After every hour of presentations, a second group will lead an ¨active session¨. An active session is a highly dynamic part of the seminar that aims to strenght and complement the first hour of presentation. How the session would be conduced is defined by the leading group, and can include some group work, controversial presentations, discussions or exercises. Contact Rene or Hugo for some suggestions.

Group Formation

[LKJE] Kåre Hvid Lind, Per Kristensen, Toke Jeberg, Niels Ridder Ebbesen.

[BMJL] Nynne T. N. Bundgaard, Anders Møldrup, Nils Tore Saxe Jessen, Jack Lee.

[HJAF] Garry Hopwood, Marguerite Johnsen, Nele Andersen, Christian F. Larsen.

[NHWP] Michael Nielsen, Frederik Hantho, Jan Wiberg, Christian K. Poulsen.

[KSLF] Magnus Koch, Tomas Kegel Sørensen, Esben Birkebæk Larsen, Christoph Froeschel.

[JLPL] Lars Dahl Jørgensen, Antonio Lagrotteria, Andrea Picardi, Alexandru Lazar.

[FPWZ] Paulo Ferreira, Nicola Pascelupo, Alexander Sascha Westh, Zongbo Zhang.

[LRP] Jeppe Winther Larsen, Jørn Schou-Rode, Andreas Nauta Pedersen.

[LMKH] António Leitão, Héctor Pérez Martínez, Theodoros Kaloumenos, Ales Havlik.

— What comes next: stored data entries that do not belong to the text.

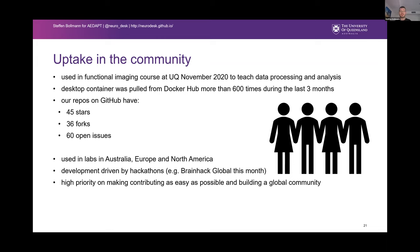Uptake in the community is really good. The project has been running since last year; we already used it in an imaging workshop in 2020 at UQ and every student loved it. We have more than 600 Docker pulls in the last three months, lots of uptake on GitHub, and it's used in Australia, Europe, and North America. Most of our development runs in hackathons — we recently ran the BrainHack Global and added many new features.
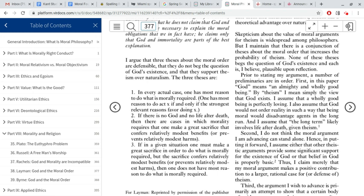And then thesis three: if in a given situation one must make a great sacrifice in order to do what is morally required, but the sacrifice confers relatively modest benefits or prevents relatively modest harms, then one does not have most reason to do what is morally required. It's a little confusing at this point. But one thing you should notice is that one and three are contradictory — if you believe one, you can't really believe three. If you believe three, that Ms. Poor does not have most reason to do what is morally required in her situation — that she has better reason to steal the money than not to steal it — then you can't believe one.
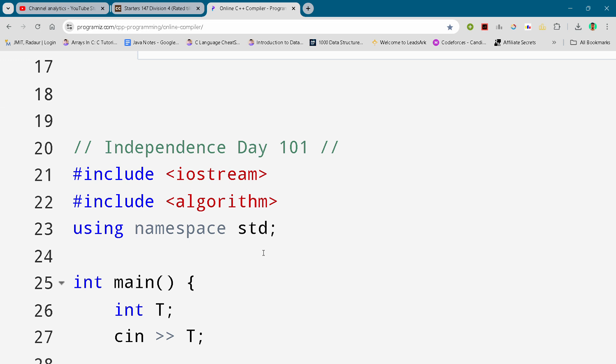Hey guys, I'm with another CodeChef round Starters 147 and in this video I will begin with a solution for this problem Independence Day 101. By the way, if you want to copy this solution and all the solutions of this contest,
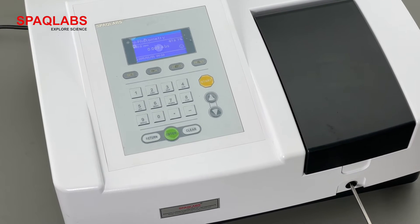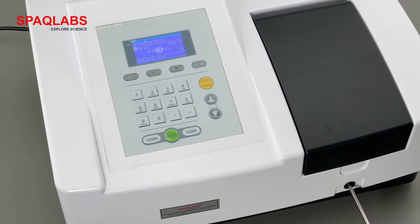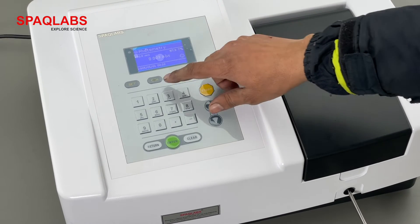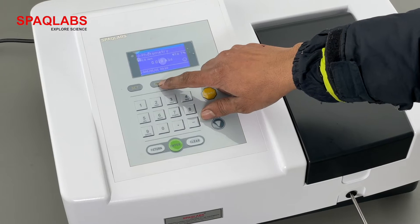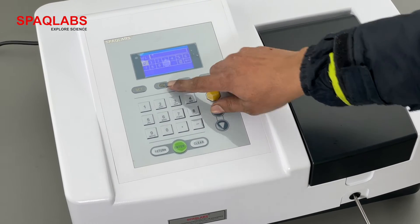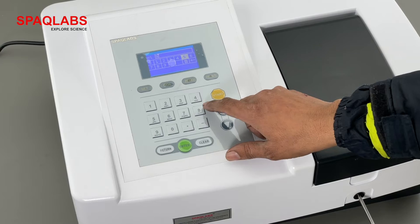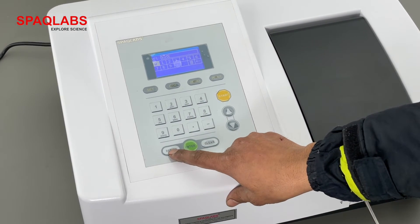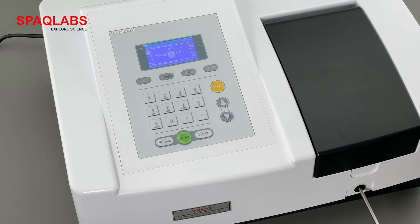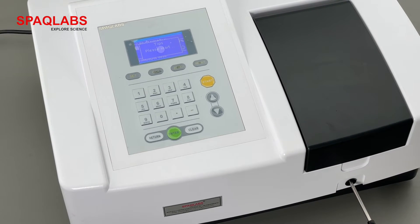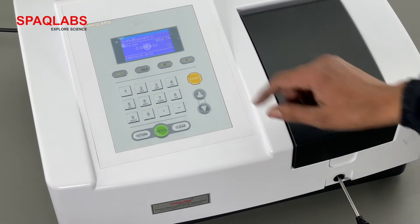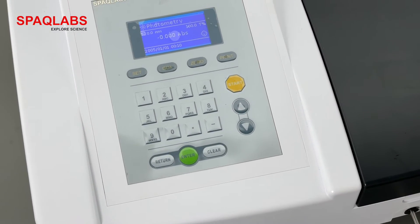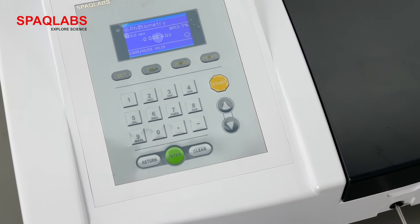Now we need to select the desired wavelength at which we want to check the sample. Press 'Go to wavelength' and enter 520, then press return. The wavelength will be automatically adjusted and on the display you can see 520 nanometers. Right now the ABS value is showing.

[HK] Maxamed Hilowle, Sanjay Kamble

Course log

The course log (aka. portfolio) is supposed to contain at least the following:

* Your mini project report
* Slides (and possibly notes) form your presentation
* Material from your active session
* Specially designated exercises (only from the network part of the course)
* Optionally: personal insights and/or comments regarding course material, e.g., other presentations, other exercises, lectures, papers, class discussions, newsgroup discussions.

You should hand in three (3) copies of the course log in paper form.

Mini Project

The mini project report is expected to contain approximately three (3) to six (6) pages of real content pr. group member, i.e., excluding code, logs, etc.